Exercise 5.3: Multi-Head Purpose

Why use 8 heads of dimension 64 instead of 1 head of dimension 512?

a) What can multiple heads learn that a single head cannot? b) Is the parameter count the same? c) Give an example of different "types" of attention different heads might learn.

Exercise 5.4: Causal Masking

For sequence ["The", "cat", "sat"]:

a) Draw the attention matrix (which positions can attend to which?) b) What value goes in the masked positions before softmax? c) Why is causal masking necessary for language modeling?

Implementation Exercises

Exercise 5.5: Dot-Product Attention

Implement basic attention:

def attention(Q: np.ndarray, K: np.ndarray, V: np.ndarray) -> np.ndarray:
    """
    Args:
        Q: queries [batch, seq_q, d_k]
        K: keys [batch, seq_k, d_k]
        V: values [batch, seq_k, d_v]

    Returns:
        output [batch, seq_q, d_v]
    """
    # scores = Q @ K^T / sqrt(d_k)
    # weights = softmax(scores)
    # output = weights @ V
    # TODO
    pass

Exercise 5.6: Causal Mask

Implement causal masking:

def create_causal_mask(seq_len: int) -> np.ndarray:
    """
    Create a mask where position i can only attend to positions <= i.

    Returns:
        mask [seq_len, seq_len] with 0 for allowed, -inf for blocked
    """
    # TODO
    pass

def masked_attention(Q, K, V, mask):
    """Apply attention with mask"""
    # TODO: add mask to scores before softmax
    pass

Exercise 5.7: Multi-Head Attention

Implement full multi-head attention:

class MultiHeadAttention:
    def __init__(self, d_model: int, n_heads: int):
        self.n_heads = n_heads
        self.d_k = d_model // n_heads

        self.W_q = np.random.randn(d_model, d_model) * 0.02
        self.W_k = np.random.randn(d_model, d_model) * 0.02
        self.W_v = np.random.randn(d_model, d_model) * 0.02
        self.W_o = np.random.randn(d_model, d_model) * 0.02

    def forward(self, x):
        """
        1. Project to Q, K, V
        2. Split into heads
        3. Apply attention per head
        4. Concatenate and project
        """
        # TODO
        pass

Exercise 5.8: Positional Encoding

Implement sinusoidal positional encoding:

def positional_encoding(seq_len: int, d_model: int) -> np.ndarray:
    """
    PE(pos, 2i) = sin(pos / 10000^(2i/d_model))
    PE(pos, 2i+1) = cos(pos / 10000^(2i/d_model))

    Returns:
        encoding [seq_len, d_model]
    """
    # TODO
    pass

Challenge Exercises

Exercise 5.9: Attention Visualization

Train a small attention model and visualize the attention patterns:

a) Create a heatmap of attention weights b) Do different heads focus on different positions? c) Does one head learn to attend to the previous word?

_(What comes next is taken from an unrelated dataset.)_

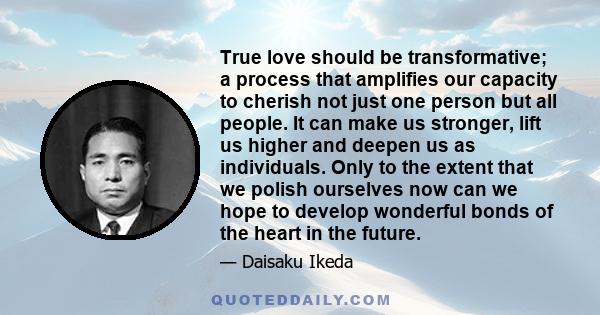 True love should be transformative; a process that amplifies our capacity to cherish not just one person but all people. It can make us stronger, lift us higher and deepen us as individuals. Only to the extent that we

Exercise 5.10: Attention Backward Pass

Implement the backward pass through attention:

def attention_backward(Q, K, V, grad_output):
    """
    Given gradient of loss w.r.t. output, compute gradients for Q, K, V.

    Returns:
        (grad_Q, grad_K, grad_V)
    """
    # Forward values (from cache)
    scores = Q @ K.T / np.sqrt(d_k)
    attn = softmax(scores)
    # output = attn @ V

    # Backward:
    # TODO: compute gradients
    pass

Exercise 5.11: Relative Positional Encoding

Research and implement relative positional encoding (as used in Transformer-XL):

def relative_attention(Q, K, V, pos_embed):
    """
    Attention with relative position representations.

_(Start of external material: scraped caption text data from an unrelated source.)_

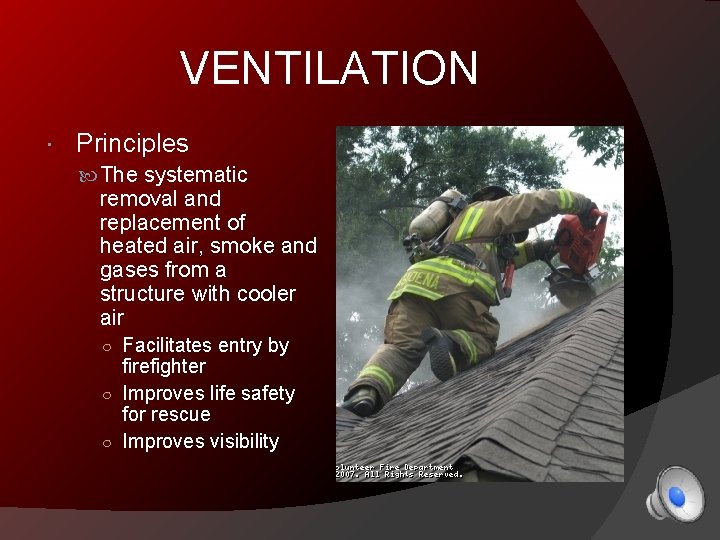 VENTILATION Principles The systematic removal and replacement of heated air, smoke and gases from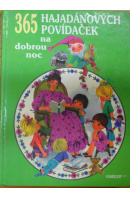 365 hajadánových povídaček na dobrou noc - ... autoři různí/ bez autora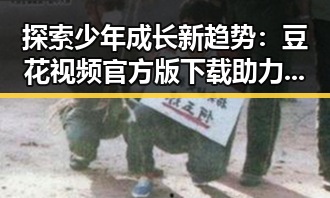 探索少年成长新趋势：豆花视频官方版下载助力青少年健康娱乐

    Instead of absolute position, encode relative distance between tokens.
    """
    # TODO: Advanced exercise
    pass

Checking Your Work

  • Test suite: See code/stage-05/tests/test_attention.py for expected behavior
  • Reference implementation: Compare with code/stage-05/attention.py
  • Self-check: Verify attention weights sum to 1 and causal mask blocks future positions

Mini-Project: Attention Visualizer

Build a tool that visualizes attention patterns in trained models.

Requirements

  1. Model: Train a small attention-based language model
  2. Extraction: Extract attention weights during inference
  3. Visualization: Create heatmaps of attention patterns

Deliverables

  • [ ] Trained attention model (even if small)
  • [ ] Attention weight extraction function
  • [ ] Heatmap visualization for sample sentences
  • [ ] Analysis: What patterns do you observe?

Extension

Compare attention patterns across different heads. Do different heads specialize?